Mas esses ideais se provaram ingênuos. Talvez eu apenas não conhecesse o mundo, mas perceber que as pessoas usavam aquilo que eu acreditava ser correto para seus fins gananciosos atingiu-me de uma maneira que nem eu pensara ser possível. Enquanto indagava-me sobre tudo isso, as memórias do ocorrido voltavam para preencher mais e mais minha cabeça.
Dois dias atrás, vinte e quatro de novembro de 20XX
Chamas que iam até onde se pudesse ver; um cheiro penetrante de morte que fazia as narinas de qualquer um gritarem. Não era mais uma simples missão rank C, as palavras do Hokage ao explicar o propósito daquela missão não faziam mais sentido. "Um agitador está incitando uma revolta contra um dos líderes das vilas aliadas à Konoha, encontrem-no e deem um fim necessário se for preciso". Droga!
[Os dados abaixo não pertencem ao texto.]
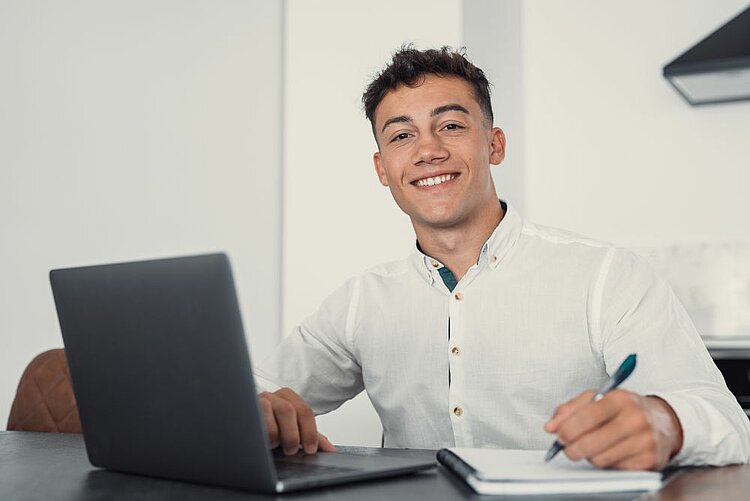 Ein junger Mann mit einem freundlichen Lächeln sitzt an einem Schreibtisch. Er trägt ein weißes Hemd und arbeitet an einem Laptop, während er Notizen in ein Notizbuch schreibt. Auf dem Tisch liegen ein Stift und ein Smartphone. Der Hintergrund ist hell und neutral, was eine konzentrierte Arbeitsatmosphäre vermittelt.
É fácil falar quando você não precisa lidar com uma situação como essa, idiota!
Desde que havíamos chegado — um Jounin encarregado e outros dois Genin, além de mim. — parecia que nossa presença piorava a situação mais e mais. O clima de rebelião que emanava de Hachō-mura era tão forte que os habitantes, antes pacíficos, agora buscavam nada mais que violência. Brigas de rua ocorriam, o caos era algo trivial nas ruas, feito por aqueles que eram contra ao regime atual para aqueles que o apoiavam. E no centro disso tudo estava um time de shinobis que era restringido pelas burocracias governamentais.
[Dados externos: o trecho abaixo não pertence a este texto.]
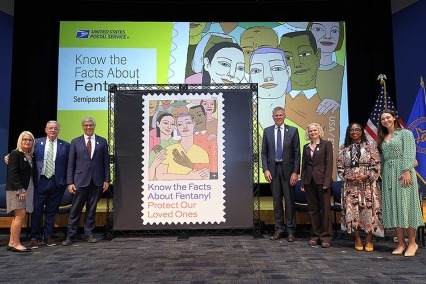 Seven participants stand onstage next to a large display of the U.S. Postal Service’s “Know the Facts About Fentanyl" semipostal stamp campaign. From left to right: Mary Ternan and Ed Ternan of Song for Charlie; Jay Bhattacharya of the NIH; Peter Pastre of the U.S. Postal Service; Nora Volkow of NIDA; Tamika Smith of WAMU; and mezzo-soprano Matilda Smolij.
Simplificando, a vila estava à beira de uma guerra civil por conta das insatisfações que vinham da má gestão do líder do vilarejo, ou era o que queriam que achássemos. Por tal, havíamos sido enviados para lidar com a situação e apaziguar a possível rebelião que iria se suceder, aparentemente, a vila estava sendo influenciada por um homem até então desconhecido. Levou alguns dias para avançarmos com a missão, mas falhas e mais falhas ocorreram, o que culminou na inevitável revolta contra Hanzo, o líder de Hachō-mura. Agora, ali estávamos, combatendo o exército formado em sua maioria pelos próprios camponeses, liderados pelo homem encapuzado que deveríamos ter capturado, como era o planejado.
Dado tudo isso, minhas pernas me levavam mais e mais adiante, apesar do desespero que tomava conta de mim a cada pessoa que eu derrotava. Ninguém era morto, claro, eu não poderia fazer tal coisa mesmo que quisesse, a única pessoa que poderia ser sentenciada à morte era o encapuzado que deu início aquilo tudo. Talvez as parcas quisessem brincar com meu destino, pois não estava em meus planos encontrar-me com o alvo primário em tão pouco tempo. Mesmo assim, lá estava ele, encarando-me com os olhos perfurantes de um tigre, observando a vila em chamas de cima do telhado da mansão de Hanzo, que em lugar nenhum podia ser visto. Com um salto, ficamos frente a frente em cima de uma casa enorme perto da mansão. Querendo ou não, eu teria que acabar com aquilo de uma vez por todas.
— Patético, os shinobis de Konoha realmente são ignorantes sem salvação! — As palavras eram puras manifestações de repúdio, a voz daquele homem transmitia um ódio inerente, desconhecido para mim. — Vocês acham que estão certos protegendo o homem que se esconde dos próprios erros. Não poderiam estar mais errados!
— O que está dizendo?! Olha o que a sua rebelião causou, as pessoas estão matando umas as outras e a vila foi destruída, se existe alguém errado aqui, é você! — Minha resposta veio logo em seguida, mas a expressão do encapuzado não mudou, na verdade, parecia mais se fechar para alguém que ele sabia que não poderia compreender suas razões.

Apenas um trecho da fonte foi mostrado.